Records to process:
++++

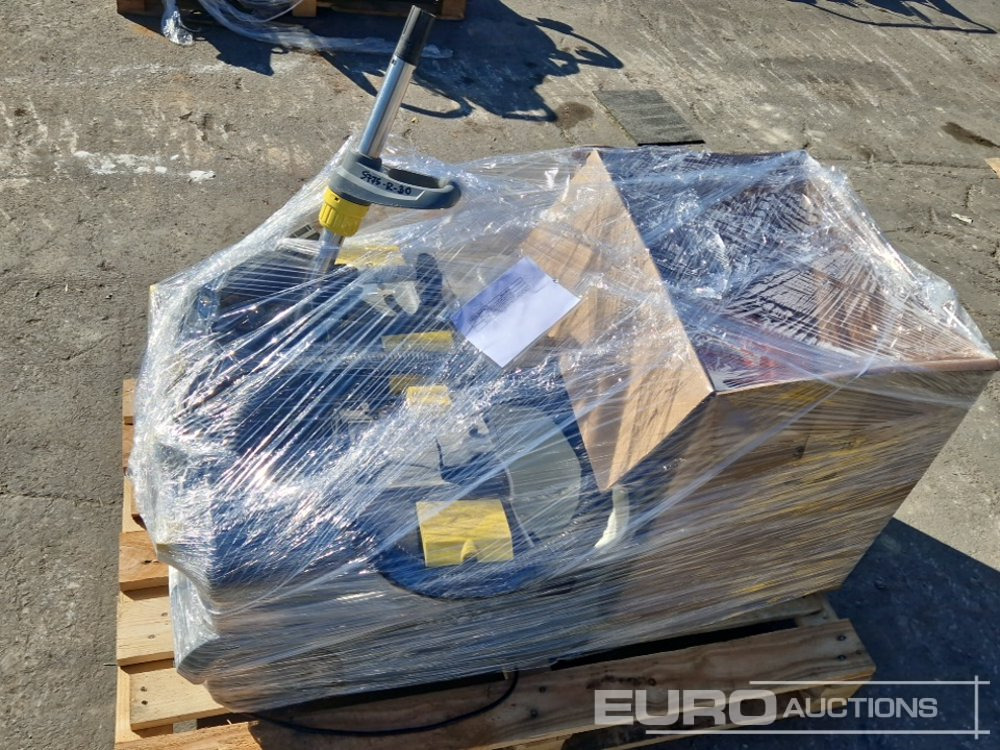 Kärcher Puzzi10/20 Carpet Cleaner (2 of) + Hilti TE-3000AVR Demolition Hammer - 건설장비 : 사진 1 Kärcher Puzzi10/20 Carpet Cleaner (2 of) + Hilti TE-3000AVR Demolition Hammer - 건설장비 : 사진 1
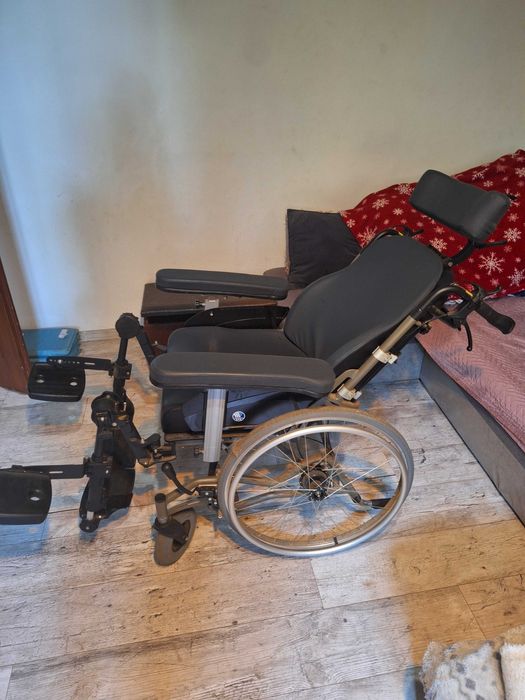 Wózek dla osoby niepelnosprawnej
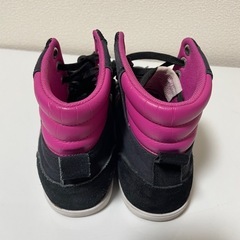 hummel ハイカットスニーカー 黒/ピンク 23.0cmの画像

++++

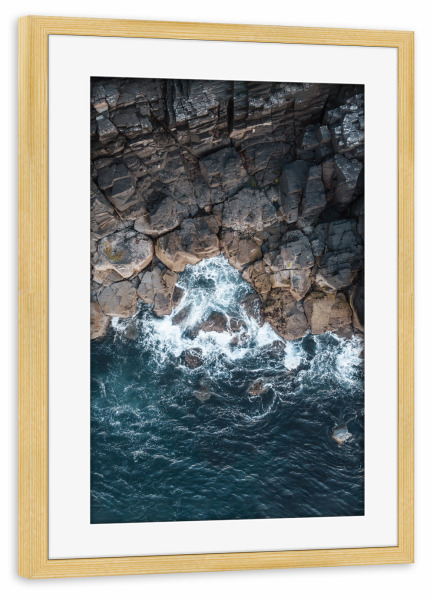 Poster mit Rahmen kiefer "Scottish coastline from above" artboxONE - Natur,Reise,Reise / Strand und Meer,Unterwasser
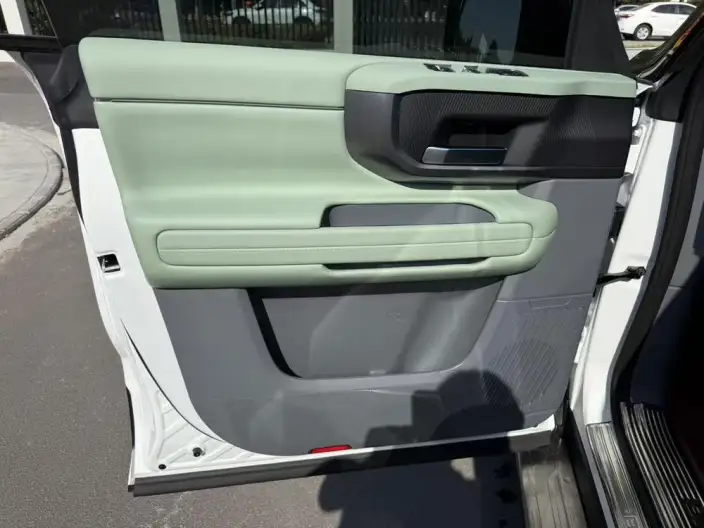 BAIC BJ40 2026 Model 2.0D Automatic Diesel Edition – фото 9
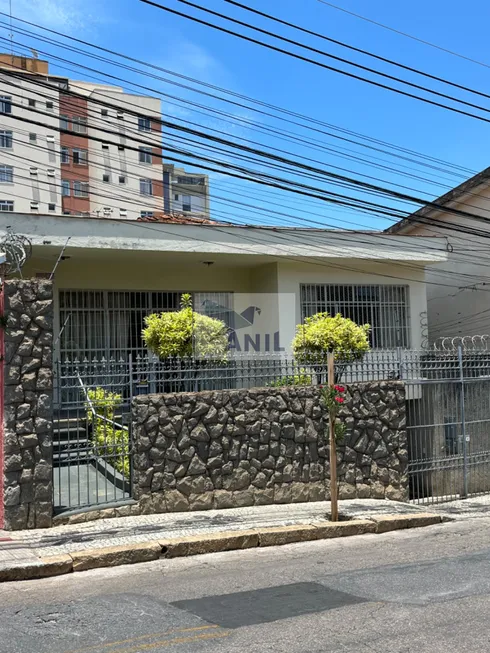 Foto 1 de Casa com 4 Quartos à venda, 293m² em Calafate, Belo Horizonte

++++

Problem description: With the pictures omitted, restate word for word the lines above from the line that has "사진 1 Kärcher" up to and including the line that has "hummel ハイカットスニーカー 黒/ピンク 23.0cmの画像", and no other lines.

Task solution:
 Kärcher Puzzi10/20 Carpet Cleaner (2 of) + Hilti TE-3000AVR Demolition Hammer - 건설장비 : 사진 1 Kärcher Puzzi10/20 Carpet Cleaner (2 of) + Hilti TE-3000AVR Demolition Hammer - 건설장비 : 사진 1
 Wózek dla osoby niepelnosprawnej
 hummel ハイカットスニーカー 黒/ピンク 23.0cmの画像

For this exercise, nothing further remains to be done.